Seeing Through Walls

I attended the Exhibitor’s Reception last night at the South Carolina EdTech conference. I saw lots of old friends, some new companies (mostly selling the same stuff), and some good food, even for a vegetarian. My friend, David Staton, was there in the Apple booth, and he was telling me about the new server that will be coming out with the next Apple OS. He said that there will be a wiki engine that is Ajax-based. He described it to me, and I kept seeing, in my mind, a slate. Basically, it becomes so intuitive in operation that the wiki web page becomes almost like a slate. That easy to edit, not only with text but with images — chalk in hand.

I also wandered up to a booth in the back, obviously set up by a middle school. There were pictures taken with digital cameras, a laptop computer, some cameras, and I asked the two teachers, sitting behind the table, to explain. They told me about how their classes had connected with other classes from around the world (North America, South America, Africa, from memory), and they exchanged pictures and other information.

So I asked my eternal question, that I ask teachers what are showing off this sort of thing, “Why?” No I entirely expected them to say, “Technology skills! Students need to learn to use digital cameras, and and all this other stuff.”
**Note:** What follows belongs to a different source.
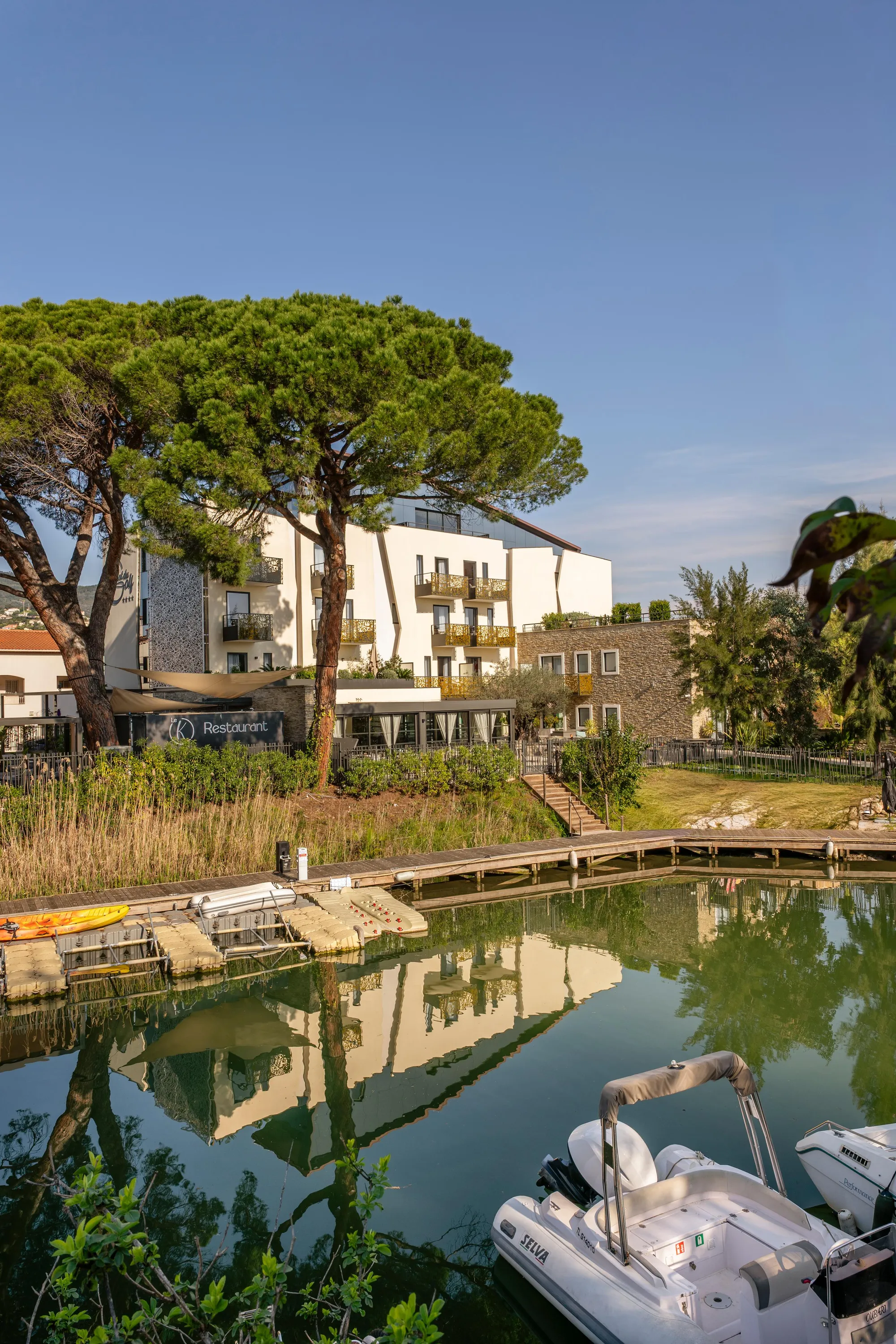 Un canal avec des bateaux amarrés, reflétant un bâtiment blanc et des arbres, entouré de végétation et de structures en bois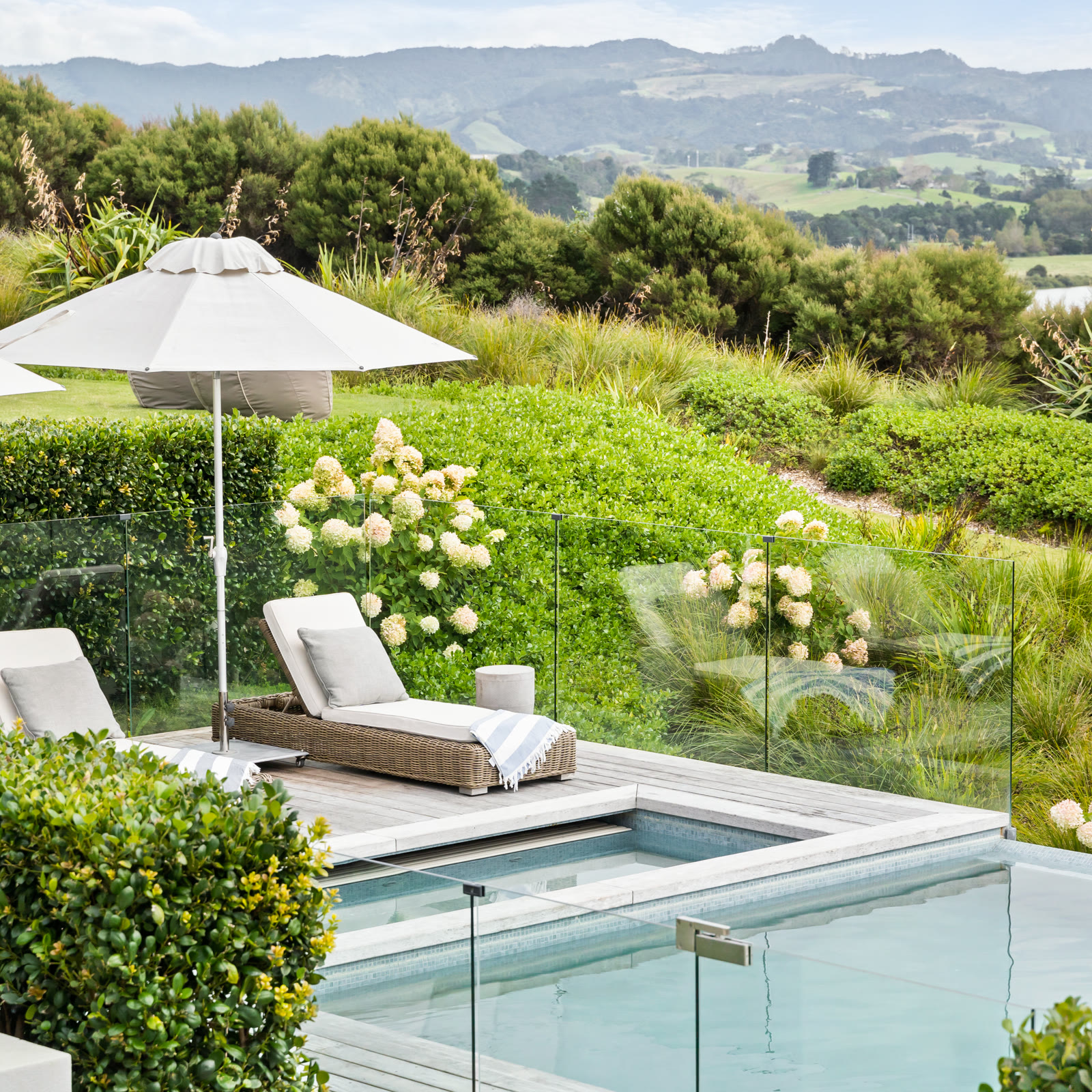 The pool and spa pool at Bluestone Main Estate: rattan loungers with striped towels under a cream umbrella on the deck, white hydrangeas along the glass fence, and the lawn, native planting, and estuary beyond.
BUT, that’s not what I heard. They said, “To pass the social studies test!” Now most of the time, “to perform better on the test,” is also the wrong answer (in my opinion). However, I thought about this for a moment, and then asked, “So in the test, your students are asked questions about other countries?”

“Yes!” They replied.

“So you’re helping your students prepare to answer these questions, by having your students ask the world.”

“Yes!”

To these teachers, the classrooms have stopped being containers. These teachers have started seeing through their classroom walls.

It’s moments like these that rock my world!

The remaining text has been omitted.